In Trägerschaft der KG. Vor Ende des 19. Jh. vom Kirchhof auf einen Platz hinter dem Gutshof verlegt und 1905 erweitert. Als FKap dient das ehemalig Mausoleum der Familie von Meding (erbaut 1826/27 nach Entwurf von G. F. L. Laves), das sich seit 1930 im Eigentum der KG befindet; 1969 nach Plänen des Architekten Hohls (Natendorf) erweitert.

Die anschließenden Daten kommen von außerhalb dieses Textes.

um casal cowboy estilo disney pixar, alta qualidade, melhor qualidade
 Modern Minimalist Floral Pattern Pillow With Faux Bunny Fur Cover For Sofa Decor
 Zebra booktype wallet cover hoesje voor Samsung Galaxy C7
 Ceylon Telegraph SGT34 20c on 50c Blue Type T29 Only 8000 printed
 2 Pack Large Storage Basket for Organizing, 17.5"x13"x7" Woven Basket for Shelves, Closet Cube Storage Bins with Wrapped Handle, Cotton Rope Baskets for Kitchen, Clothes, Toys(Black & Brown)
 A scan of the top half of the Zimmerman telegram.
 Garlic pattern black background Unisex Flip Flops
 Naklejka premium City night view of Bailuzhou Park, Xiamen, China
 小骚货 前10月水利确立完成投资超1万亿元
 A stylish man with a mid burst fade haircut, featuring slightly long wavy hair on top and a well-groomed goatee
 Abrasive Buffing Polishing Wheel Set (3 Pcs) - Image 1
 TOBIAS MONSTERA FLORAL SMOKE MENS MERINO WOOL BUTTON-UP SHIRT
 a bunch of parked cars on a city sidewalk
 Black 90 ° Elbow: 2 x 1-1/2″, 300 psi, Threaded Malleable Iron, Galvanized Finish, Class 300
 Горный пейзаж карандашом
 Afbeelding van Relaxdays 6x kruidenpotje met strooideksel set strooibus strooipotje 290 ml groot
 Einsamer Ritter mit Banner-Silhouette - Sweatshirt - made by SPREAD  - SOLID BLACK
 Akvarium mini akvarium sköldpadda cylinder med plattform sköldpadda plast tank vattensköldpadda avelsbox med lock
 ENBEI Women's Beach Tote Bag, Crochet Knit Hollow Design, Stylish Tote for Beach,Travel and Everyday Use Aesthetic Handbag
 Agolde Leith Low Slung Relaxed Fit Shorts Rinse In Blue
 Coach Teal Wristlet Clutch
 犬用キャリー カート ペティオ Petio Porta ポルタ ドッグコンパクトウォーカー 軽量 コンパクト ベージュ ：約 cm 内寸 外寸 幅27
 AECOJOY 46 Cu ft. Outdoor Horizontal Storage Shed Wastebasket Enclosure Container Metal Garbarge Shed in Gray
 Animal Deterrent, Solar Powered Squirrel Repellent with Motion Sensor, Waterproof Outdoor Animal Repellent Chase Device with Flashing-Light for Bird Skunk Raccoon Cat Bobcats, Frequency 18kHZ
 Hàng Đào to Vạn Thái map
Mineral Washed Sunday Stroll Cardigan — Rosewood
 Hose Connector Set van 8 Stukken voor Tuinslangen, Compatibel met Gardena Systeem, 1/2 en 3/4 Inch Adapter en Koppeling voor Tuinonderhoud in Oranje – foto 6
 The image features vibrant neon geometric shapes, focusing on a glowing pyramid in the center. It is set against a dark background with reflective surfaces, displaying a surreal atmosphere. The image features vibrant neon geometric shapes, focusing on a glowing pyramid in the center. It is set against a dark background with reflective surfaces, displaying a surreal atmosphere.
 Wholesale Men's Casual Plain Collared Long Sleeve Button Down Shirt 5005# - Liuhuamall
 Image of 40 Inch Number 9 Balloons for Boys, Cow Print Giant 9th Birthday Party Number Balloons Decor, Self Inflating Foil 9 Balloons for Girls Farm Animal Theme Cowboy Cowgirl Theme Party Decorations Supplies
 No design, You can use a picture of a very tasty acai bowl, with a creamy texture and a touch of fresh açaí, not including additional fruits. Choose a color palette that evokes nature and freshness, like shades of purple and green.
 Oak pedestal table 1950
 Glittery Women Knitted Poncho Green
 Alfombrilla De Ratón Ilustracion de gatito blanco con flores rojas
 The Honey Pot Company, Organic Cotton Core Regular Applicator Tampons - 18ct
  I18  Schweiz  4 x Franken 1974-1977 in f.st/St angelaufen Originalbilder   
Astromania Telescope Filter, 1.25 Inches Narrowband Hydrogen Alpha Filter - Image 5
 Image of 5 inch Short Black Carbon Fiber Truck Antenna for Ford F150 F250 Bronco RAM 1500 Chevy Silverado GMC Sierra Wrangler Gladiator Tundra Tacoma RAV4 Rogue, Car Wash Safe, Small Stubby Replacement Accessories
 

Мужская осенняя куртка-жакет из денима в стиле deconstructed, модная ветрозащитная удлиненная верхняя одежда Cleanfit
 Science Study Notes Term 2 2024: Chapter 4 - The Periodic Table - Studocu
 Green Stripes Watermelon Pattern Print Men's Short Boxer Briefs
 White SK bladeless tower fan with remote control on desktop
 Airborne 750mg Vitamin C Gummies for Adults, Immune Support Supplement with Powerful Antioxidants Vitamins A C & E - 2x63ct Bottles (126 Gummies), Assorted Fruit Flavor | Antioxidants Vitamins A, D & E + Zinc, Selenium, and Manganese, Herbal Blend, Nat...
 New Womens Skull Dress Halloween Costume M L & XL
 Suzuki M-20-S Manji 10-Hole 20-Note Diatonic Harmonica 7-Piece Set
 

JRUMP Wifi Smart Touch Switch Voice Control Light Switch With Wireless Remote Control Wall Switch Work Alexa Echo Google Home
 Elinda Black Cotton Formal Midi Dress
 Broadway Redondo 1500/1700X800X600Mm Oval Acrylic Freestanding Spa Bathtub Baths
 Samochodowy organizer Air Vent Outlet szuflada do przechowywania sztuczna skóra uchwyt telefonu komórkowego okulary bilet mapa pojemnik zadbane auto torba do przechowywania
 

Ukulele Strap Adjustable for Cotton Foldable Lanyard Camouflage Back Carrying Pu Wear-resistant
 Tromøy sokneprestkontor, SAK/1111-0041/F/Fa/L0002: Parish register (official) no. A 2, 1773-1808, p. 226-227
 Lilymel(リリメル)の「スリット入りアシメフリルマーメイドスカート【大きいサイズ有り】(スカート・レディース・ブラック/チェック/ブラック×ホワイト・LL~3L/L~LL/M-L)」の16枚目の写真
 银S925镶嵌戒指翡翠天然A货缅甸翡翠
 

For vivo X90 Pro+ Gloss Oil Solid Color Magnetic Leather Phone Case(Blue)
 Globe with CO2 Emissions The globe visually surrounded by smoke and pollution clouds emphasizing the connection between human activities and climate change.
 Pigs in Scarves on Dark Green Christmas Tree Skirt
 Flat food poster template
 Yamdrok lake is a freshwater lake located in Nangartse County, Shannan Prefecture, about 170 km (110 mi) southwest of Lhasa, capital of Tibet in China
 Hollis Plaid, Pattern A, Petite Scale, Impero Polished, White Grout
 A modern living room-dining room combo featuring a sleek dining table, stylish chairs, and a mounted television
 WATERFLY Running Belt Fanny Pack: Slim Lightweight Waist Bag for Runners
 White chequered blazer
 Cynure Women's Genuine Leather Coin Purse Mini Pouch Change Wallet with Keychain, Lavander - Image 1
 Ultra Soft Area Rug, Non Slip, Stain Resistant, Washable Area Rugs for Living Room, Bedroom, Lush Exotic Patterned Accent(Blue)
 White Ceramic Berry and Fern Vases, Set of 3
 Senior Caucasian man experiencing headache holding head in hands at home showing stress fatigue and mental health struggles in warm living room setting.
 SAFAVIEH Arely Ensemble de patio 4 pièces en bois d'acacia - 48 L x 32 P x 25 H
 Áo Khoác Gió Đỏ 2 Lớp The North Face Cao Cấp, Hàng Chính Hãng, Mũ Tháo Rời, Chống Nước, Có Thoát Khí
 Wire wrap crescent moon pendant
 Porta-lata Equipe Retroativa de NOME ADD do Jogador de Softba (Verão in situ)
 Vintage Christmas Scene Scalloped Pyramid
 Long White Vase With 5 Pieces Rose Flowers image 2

Liste der Pastoren (bis 1940)

1543 Henrichus Bletze. – 1530–1572 Bernhard Lohen. – Um 1572 Bernhard Lohen. – 1574–1602 Johann Heneke (Heinichen). – 16.. –1616 (?) Christoph (?) Zieseke. – 1591 (?)–1633 Johann Giese. – 1633–1649 Franz Otto Bromberger. – 1649–1667 Jacob Drescher. – 1667–1681 Friedrich Günther Reineccius. – 1681–1699 Dietrich Gellern. – 1700–1725 Johann Georg Runge. – 1726–1736 Heinrich Christoph Leopold Kirchmann. – 1737–1766 Balthasar Lüders. – 1761–1777 David Karl Lüders. – 1777–1796 Gotthilf Jacob Raßmann. – 1796–1807 Johann Samuel Ludwig Nöldecke. – 1807–1823 Friedrich Wilhelm Samuel Matthäi. – 1823–1867 Heinrich Andreas Broderik. – 1867–1887 Johann Friedrich Wilhelm Bötticher. – 1887–1897 Ernst Eduard Adickes. – 1897–1913 Friedrich Wilhelm Adolf Eggers. – 1914–1930 Jakob Wichern. – 1932–1935 Onno Rudolf Ottfried Heyken. – 1938–1942 Hermann Heinrich Friedrich Aulbert.
Angaben nach: Meyer, Pastoren I, S. 66–67

Landeskirchliches Archiv Hannover

A 1 Nr. 655–667 (Pfarroffizialsachen); A 5 Nr. 72 (Spec. Landeskons.); A 6 Nr. 575–581 (Pfarrbestallungsakten); A 9 Nr. 150–153 (Visitationen); D 39 (EphA Bevensen-Ebstorf).

Literatur

A: Brüning/Harnack/Weber, Friedhöfe, S. 37 f.; Dehio, Bremen/Niedersachsen, S. 196; Lucka, Denkmaltopographie Lkr. Uelzen, S. 105; Funke/Fricke, Pastoren KK Uelzen, S. 33–38; Mithoff, Kirchen und Kapellen Lüneburg, S. 365.
B: Eberhard Behnke: Die Familien und Einwohner des Kirchspiels Barum. Ortsfamilienbuch 1667-1920 und Besitzerfolgen der Höfe zu den Orten Barum, Hohenbünstorf, Gut Hoystorf, Tätendorf und Vinstedt, Uelzen 2020.


Fußnoten

  1. UB Verden I, Nr. 433 (S. 477). Knapp zum Stand der Dorfgeschichtsfroschung: Behnke, S. 11 f.
  2. Sudendorf, UB I, Nr. 317.
  3. UB S Hildesheim II, Nr. 442.
  4. Meyer, Pastoren I, S. 66 f.
  5. KABl. 1973, S. 5.
  6. KABl. 2013, S. 186 f.
  7. Strasser, Glocken Uelzen III, S. 53.
  8. Strasser, Glocken Uelzen III, S. 54.